Le malheur des uns fait le bonheur des autres. Huawei est en train de l’apprendre à ses dépens au Royaume-Uni : alors que l’équipementier chinois devait participer un peu à la mise en place du futur réseau 5G outre-Manche, il a découvert le 14 juillet que Londres ne veut plus de lui. Le pays fera appel à d’autres fournisseurs, notamment européens. Et, bien sûr, Nokia et Ericsson se sont empressés de signaler leur disponibilité.

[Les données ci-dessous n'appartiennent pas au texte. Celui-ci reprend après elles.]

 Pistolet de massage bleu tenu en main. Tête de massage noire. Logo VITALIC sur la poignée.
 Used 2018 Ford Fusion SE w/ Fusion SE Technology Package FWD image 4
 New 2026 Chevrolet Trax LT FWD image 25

« Nous avons la capacité et l’expertise nécessaires pour remplacer tous les matériels Huawei des réseaux britanniques à l’échelle et à la vitesse voulues, et nous sommes prêts à soutenir la mise en œuvre de la décision du gouvernement britannique avec un impact minimal sur les personnes qui utilisent les réseaux de nos clients », a déclaré Cormac Whelan, le patron de Nokia au Royaume-Uni.
Même son de cloche chez Ericsson : « Nous sommes prêts à travailler avec les opérateurs britanniques pour respecter leur calendrier, sans perturber les clients », a fait savoir Arun Bansal, le responsable en charge des zones Europe et Amérique latine au sein du groupe suédois. Nokia comme Ericsson sont déjà implantés au Royaume-Uni et l’un comme l’autre travaille déjà sur la 5G dans le pays.
Un remplacement sur plusieurs années
Le remplacement de Huawei ne se fera pas d’un claquement de doigt : si l’interdiction d’acheter de l’équipement Huawei est effective à partir du 1er janvier 2021, dans près de cinq mois (mais les effets devraient se faire ressentir dès maintenant, car les opérateurs n’ont plus trop intérêt à acquérir du matériel s’il faut l’enlever par la suite), le retrait des appareils déjà en place s’étalera sur sept ans et demi.
Londres laisse en effet aux opérateurs jusqu’au 31 décembre 2027 pour nettoyer la totalité de leur réseau de tout équipement 5G.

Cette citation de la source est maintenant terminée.